Explicit coersions between lists and strings are accomplished with the built-in functions explode and implode. The explode function converts from a string into a list and the implode function takes a string list and returns a single string.

Let

SML includes a let expression. The syntax of the let allows for local variable declarations. The syntax for the let is:
 let val x = ... in ... end;
This is somewhat analogous to local variable definition
 {
 int x;
 ...
 }
in C. However, in SML the variable x is given a value that is immutable (i.e., it can never change). The following example is illustrative:
 - let val x = 4 in x+3 end;
 val it = 7 : int
Declarations typed in at the top level are like an open-ended let:
 - val x=4;
 val x = 4 : int
 - val y = x+3;
 val y = 7 : int
 - x*x;
 val it = 16 : int
 - x*y;
 val it = 28 : int
 - val z=x+2*y;
 val z = 18 : int
Notice how the types are being inferred.

SML Operators & Built-in Functions

SML has a number of built-in operators, functions and data types. For instance, it provides the standard arithmetic operators, math functions, and trigonometric functions. Take some time to study the examples in the following runtime sequence. They illustrate most of the common arithmetic operators and a few built-in functions:
 - 3+2;
 val it = 5 : int
 - 8-2;
 val it = 6 : int
 - 7*6;
 val it = 42 : int
 - 4 div 2;
 val it = 2 : int
 - 5 mod 2;
 val it = 1 : int
 - 12.0/3.0;
 val it = 4.0 : real
 - chr(65);
 val it = #"A" : char
 - SML90.sqrt(2.0);
 val it = 1.41421356237309 : real
 - SML90.sin 3.14159;
 val it = 2.65358979323E~06 : real
 - abs(2);
 val it = 2 : int
 - 3-7;
 val it = ~4 : int
 - abs(it);
 val it = 4 : int
 - abs(~7);
 val it = 7 : int
Note that the tilde (~) character is used for negative numbers. Thus, typing -4; produces an error since the dash (-) indicates subtraction and not negation. As illustrated in the example interaction above, negative 4 is entered as ~4; in SML. Also, note that a few of the built-in functions are prefixed with SML90., an object-oriented notation.

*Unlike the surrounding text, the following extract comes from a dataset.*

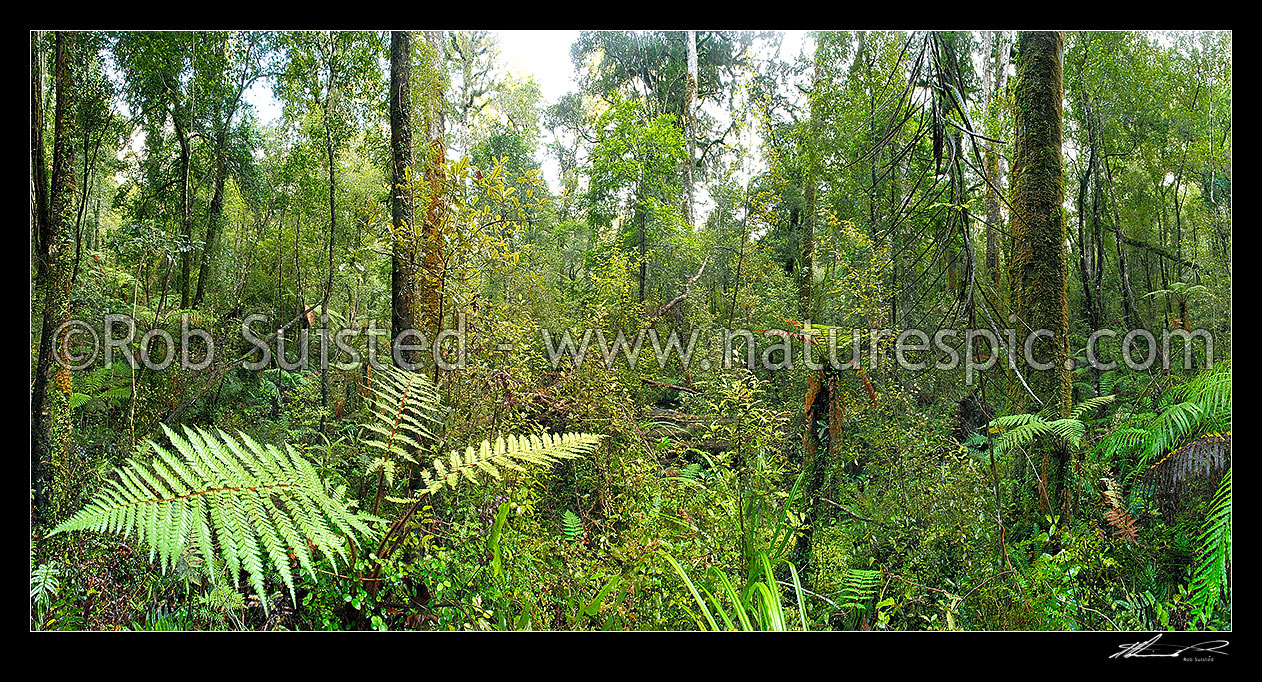 Image of Native rainforest interior with tree ferns and rimu trees. Panorama, Hokitika, Westland District, West Coast Region, New Zealand (NZ) stock photo image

This notation is necessary because these functions are no longer available (globally) at the top-level of the interpreter.

The ^ operator is used for string concatenation, for example:

 - "hello" ^ "world";
 val it = "helloworld" : string
The Boolean values true and false are available,as are logical operators such as not (negation), andalso (conjunction), and orelse (disjunction).
 - not(true);
 val it = false : bool
 - true andalso false;
 val it = false : bool
SML is a strongly typed language in that all (well-formed) expressions have a type that can be determined by examining the expression.

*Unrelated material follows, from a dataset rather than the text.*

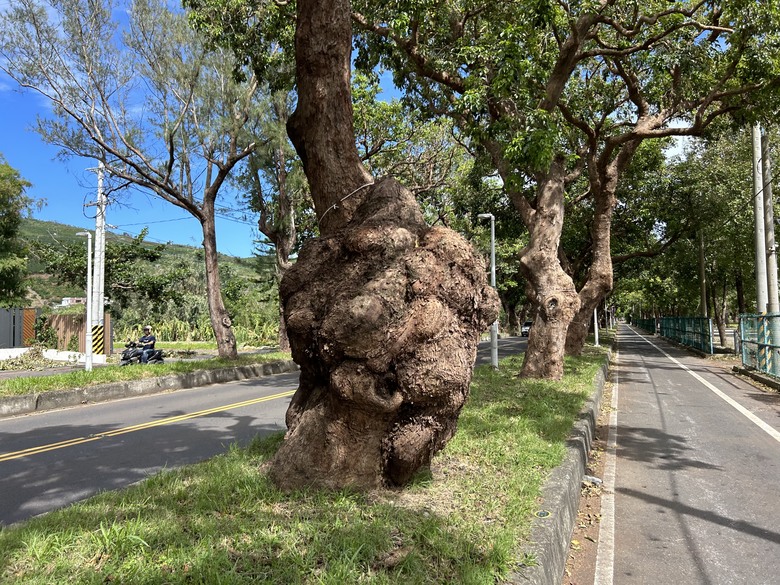 騎 訪 舊 東 線 小 站 ( 檳 榔 車 站 )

As part of the evaluation process, SML determines the type of the output value.

Infix Identifiers

The top-level environment has the following infix identifiers:
 infix  7  * / div mod
 infix  6  + - ^
 infixr 5  :: @
 infix  4  = <> > >= < <=
 infix  3  := o
 infix  0  before
All of the above are infix operators. That is, the operator appears between the two arguments.

Binding Names to Values

In SML one can associate identifiers with values, e.g., assignment. The example below illustrates a simple assignment:
 - val three = 3;
 val three = 3 : int
and thereby establish a new value binding,
 - three;
 val it = 3 : int
More complex expressions can also be used to bind values to names,
 - val five = 3+2;
 val five = 5 : int
Names can then be used in other expressions,
 - three + five;
 val it = 8 : int

Expression-Based

SML is expression-based, there are no pure "commands" or "statements" as there are in Pascal and C. In SML commands/statements are actually expressions in that they return values. For example, the following is called an if expression:
 - (if (2=3) then 5 else 6) + 1;
 val it = 7 : int
One (sometimes annoying) consequence of the above is that the two branches of the if expression must to return the same type. To illustrate this point, look at the following example:
 - if (2=3) then 5 else 6.5;
 stdIn:49.1-49.25 Error: types of rules don't agree [literal]
   earlier rule(s): bool -> int
   this rule: bool -> real
   in rule:
     false => 6.5
 GC #0.0.0.0.2.49:   (10 ms)

Defining Functions

A function may be defined using the keyword fun. Simple function definitions take the form:
 fun <fun_name> <parameter> = <expression>;
For example, each of the following defines a function:
 fun double x = 2*x;
 fun inc x = x+1;
 fun adda s = s ^ "a";
These functions may be entered just as shown above. To call (execute) a function, at the SML prompt simply type the function name followed by the actual argument and a semicolon (;). For example, the functions defined above can be called as follows:
 double 5;
 inc 99;
 adda "mom";
The SML/NJ system should give you the values 10 : int and 100 : int and "moma" : string for the expressions above. The following example provides a more detailed example of calling one of these functions:
 - fun double x = 2*x;
 val double = fn : int -> int
 - double 4;
 val it = 8 : int
 - double(4);
 val it = 8 : int
Here is another example of how you can define and call a simple SML function:
 - fun triple(x) = 3*x; 
 val triple = fn : int -> int
declares triple as a function from integers to integers. We can call this function as follows:
 - triple(222); 
 val it = 666 : int
You should have noticed that parentheses ( ) can be used in defining and calling a function ... or NOT. Both methods work equally well.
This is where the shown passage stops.